Your answer should be only the lines below from the one with "Usata Renault Kangoo" to the one with "DIREKT AN DER", repeated exactly, ends included.

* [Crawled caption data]
____________
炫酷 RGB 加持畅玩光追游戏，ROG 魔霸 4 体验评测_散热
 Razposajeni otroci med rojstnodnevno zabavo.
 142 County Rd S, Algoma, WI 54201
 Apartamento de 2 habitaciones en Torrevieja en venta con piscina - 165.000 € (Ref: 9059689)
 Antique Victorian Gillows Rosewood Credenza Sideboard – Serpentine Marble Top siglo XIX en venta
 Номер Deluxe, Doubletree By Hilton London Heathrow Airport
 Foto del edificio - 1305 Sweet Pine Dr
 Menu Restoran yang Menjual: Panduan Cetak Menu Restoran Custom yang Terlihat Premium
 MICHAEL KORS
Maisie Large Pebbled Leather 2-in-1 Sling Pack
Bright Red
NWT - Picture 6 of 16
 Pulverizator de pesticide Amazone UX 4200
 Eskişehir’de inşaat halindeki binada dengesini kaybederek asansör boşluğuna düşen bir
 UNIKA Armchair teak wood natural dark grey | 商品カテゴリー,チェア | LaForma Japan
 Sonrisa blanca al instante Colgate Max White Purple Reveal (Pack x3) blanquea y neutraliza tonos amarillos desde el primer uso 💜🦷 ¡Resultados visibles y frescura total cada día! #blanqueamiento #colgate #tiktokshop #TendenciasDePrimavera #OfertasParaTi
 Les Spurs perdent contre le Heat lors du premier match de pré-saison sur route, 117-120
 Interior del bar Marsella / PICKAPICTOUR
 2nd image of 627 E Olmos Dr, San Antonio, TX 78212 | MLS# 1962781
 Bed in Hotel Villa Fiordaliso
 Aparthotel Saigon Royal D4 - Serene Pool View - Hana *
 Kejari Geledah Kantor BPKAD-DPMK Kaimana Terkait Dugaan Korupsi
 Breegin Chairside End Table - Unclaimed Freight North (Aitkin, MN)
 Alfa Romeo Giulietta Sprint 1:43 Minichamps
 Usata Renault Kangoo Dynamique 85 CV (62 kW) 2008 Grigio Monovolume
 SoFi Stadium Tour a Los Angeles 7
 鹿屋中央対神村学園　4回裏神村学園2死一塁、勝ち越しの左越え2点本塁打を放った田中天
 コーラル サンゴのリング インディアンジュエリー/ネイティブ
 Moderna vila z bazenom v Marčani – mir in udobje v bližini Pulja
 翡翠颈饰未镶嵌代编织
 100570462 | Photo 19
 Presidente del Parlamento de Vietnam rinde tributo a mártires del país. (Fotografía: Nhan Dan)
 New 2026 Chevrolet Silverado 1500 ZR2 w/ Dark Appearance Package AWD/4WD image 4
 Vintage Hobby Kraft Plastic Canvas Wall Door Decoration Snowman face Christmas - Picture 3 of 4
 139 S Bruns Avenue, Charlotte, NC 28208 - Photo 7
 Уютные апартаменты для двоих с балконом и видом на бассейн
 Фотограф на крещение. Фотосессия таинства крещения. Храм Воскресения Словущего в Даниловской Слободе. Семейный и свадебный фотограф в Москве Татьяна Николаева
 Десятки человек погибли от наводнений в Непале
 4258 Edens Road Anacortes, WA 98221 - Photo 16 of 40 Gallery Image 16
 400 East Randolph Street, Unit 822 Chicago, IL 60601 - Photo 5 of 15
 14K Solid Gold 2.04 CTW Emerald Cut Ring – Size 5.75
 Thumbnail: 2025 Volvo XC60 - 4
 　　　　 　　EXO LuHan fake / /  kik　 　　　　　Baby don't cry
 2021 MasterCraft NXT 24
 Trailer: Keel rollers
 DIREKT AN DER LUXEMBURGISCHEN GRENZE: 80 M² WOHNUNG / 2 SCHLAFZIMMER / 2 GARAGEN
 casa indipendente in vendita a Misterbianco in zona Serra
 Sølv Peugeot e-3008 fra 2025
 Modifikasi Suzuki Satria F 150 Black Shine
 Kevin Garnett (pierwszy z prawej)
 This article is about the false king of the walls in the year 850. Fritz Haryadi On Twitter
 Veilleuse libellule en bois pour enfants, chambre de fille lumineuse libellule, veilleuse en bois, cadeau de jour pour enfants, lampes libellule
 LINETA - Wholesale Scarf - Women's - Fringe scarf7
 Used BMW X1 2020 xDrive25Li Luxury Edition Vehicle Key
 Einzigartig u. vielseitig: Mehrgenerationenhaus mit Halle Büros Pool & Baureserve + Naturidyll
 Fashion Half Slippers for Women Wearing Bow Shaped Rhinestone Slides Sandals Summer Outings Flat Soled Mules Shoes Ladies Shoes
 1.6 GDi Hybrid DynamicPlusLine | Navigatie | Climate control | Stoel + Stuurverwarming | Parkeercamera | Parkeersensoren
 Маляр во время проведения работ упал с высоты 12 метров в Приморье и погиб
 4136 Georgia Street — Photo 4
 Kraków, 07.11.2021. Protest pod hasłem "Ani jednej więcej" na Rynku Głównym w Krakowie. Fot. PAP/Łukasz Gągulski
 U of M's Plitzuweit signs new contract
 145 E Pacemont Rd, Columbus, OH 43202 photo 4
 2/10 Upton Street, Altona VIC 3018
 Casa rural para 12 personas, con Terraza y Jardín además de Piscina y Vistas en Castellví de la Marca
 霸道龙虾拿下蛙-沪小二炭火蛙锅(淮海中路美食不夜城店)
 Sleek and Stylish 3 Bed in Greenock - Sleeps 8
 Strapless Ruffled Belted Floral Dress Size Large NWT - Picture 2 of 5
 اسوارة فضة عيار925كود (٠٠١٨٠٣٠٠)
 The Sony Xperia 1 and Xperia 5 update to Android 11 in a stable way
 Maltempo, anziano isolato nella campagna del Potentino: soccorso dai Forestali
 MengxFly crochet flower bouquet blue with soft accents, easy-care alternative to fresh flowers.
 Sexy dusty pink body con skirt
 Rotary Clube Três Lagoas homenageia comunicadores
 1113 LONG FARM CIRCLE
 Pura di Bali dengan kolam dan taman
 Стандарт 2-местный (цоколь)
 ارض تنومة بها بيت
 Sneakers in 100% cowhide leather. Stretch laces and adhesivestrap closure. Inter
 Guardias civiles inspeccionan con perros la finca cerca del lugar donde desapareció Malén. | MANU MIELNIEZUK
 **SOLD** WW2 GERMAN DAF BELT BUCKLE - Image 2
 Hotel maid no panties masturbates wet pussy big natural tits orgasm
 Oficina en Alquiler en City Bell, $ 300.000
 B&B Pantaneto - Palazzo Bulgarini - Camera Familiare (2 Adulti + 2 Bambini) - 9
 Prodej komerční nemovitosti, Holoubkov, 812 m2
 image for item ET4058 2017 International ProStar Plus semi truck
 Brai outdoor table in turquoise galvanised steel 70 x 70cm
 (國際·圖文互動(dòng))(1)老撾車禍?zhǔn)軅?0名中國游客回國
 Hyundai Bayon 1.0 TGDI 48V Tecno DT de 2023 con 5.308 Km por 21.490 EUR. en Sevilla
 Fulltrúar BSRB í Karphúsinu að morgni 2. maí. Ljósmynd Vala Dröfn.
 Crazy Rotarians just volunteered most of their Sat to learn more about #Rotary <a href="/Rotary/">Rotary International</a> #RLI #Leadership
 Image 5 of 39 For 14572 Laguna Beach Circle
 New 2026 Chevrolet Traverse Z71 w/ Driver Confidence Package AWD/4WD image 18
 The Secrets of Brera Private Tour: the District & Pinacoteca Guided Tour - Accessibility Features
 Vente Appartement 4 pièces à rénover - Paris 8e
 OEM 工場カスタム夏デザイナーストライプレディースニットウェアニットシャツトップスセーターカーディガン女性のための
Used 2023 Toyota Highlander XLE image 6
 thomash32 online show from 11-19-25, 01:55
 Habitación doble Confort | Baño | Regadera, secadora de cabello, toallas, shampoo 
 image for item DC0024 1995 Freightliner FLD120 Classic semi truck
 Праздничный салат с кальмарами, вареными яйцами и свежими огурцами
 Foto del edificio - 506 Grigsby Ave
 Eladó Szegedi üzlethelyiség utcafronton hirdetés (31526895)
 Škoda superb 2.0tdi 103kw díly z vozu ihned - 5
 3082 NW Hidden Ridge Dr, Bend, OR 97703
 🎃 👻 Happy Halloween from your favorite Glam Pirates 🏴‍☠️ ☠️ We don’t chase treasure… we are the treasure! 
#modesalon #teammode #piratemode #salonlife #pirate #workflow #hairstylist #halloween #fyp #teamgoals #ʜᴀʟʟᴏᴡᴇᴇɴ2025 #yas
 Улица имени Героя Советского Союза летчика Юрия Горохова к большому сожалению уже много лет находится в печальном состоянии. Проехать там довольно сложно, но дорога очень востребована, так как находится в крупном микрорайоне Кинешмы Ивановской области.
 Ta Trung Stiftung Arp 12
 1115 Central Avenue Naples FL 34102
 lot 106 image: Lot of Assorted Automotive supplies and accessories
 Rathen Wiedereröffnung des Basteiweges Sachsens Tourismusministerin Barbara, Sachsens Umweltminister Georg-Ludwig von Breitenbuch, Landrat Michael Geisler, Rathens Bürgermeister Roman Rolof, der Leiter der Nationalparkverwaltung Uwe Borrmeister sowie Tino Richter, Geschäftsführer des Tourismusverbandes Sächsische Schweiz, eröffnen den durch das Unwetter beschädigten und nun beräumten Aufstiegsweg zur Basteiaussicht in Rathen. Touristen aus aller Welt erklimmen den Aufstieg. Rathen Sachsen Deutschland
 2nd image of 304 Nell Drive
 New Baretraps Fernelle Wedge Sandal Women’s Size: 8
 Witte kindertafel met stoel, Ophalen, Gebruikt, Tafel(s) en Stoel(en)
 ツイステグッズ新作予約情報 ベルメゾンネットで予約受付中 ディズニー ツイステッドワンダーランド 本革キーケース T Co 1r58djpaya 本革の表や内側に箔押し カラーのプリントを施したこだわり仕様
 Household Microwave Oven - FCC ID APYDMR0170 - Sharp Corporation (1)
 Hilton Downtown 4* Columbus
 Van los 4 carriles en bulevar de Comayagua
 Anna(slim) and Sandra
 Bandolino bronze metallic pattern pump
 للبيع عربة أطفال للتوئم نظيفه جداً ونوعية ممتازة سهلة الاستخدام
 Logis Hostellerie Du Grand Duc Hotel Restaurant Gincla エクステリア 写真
____________
* [WRITTEN ANSWER]
 Usata Renault Kangoo Dynamique 85 CV (62 kW) 2008 Grigio Monovolume
 SoFi Stadium Tour a Los Angeles 7
 鹿屋中央対神村学園　4回裏神村学園2死一塁、勝ち越しの左越え2点本塁打を放った田中天
 コーラル サンゴのリング インディアンジュエリー/ネイティブ
 Moderna vila z bazenom v Marčani – mir in udobje v bližini Pulja
 翡翠颈饰未镶嵌代编织
 100570462 | Photo 19
 Presidente del Parlamento de Vietnam rinde tributo a mártires del país. (Fotografía: Nhan Dan)
 New 2026 Chevrolet Silverado 1500 ZR2 w/ Dark Appearance Package AWD/4WD image 4
 Vintage Hobby Kraft Plastic Canvas Wall Door Decoration Snowman face Christmas - Picture 3 of 4
 139 S Bruns Avenue, Charlotte, NC 28208 - Photo 7
 Уютные апартаменты для двоих с балконом и видом на бассейн
 Фотограф на крещение. Фотосессия таинства крещения. Храм Воскресения Словущего в Даниловской Слободе. Семейный и свадебный фотограф в Москве Татьяна Николаева
 Десятки человек погибли от наводнений в Непале
 4258 Edens Road Anacortes, WA 98221 - Photo 16 of 40 Gallery Image 16
 400 East Randolph Street, Unit 822 Chicago, IL 60601 - Photo 5 of 15
 14K Solid Gold 2.04 CTW Emerald Cut Ring – Size 5.75
 Thumbnail: 2025 Volvo XC60 - 4
 　　　　 　　EXO LuHan fake / /  kik　 　　　　　Baby don't cry
 2021 MasterCraft NXT 24
 Trailer: Keel rollers
 DIREKT AN DER LUXEMBURGISCHEN GRENZE: 80 M² WOHNUNG / 2 SCHLAFZIMMER / 2 GARAGEN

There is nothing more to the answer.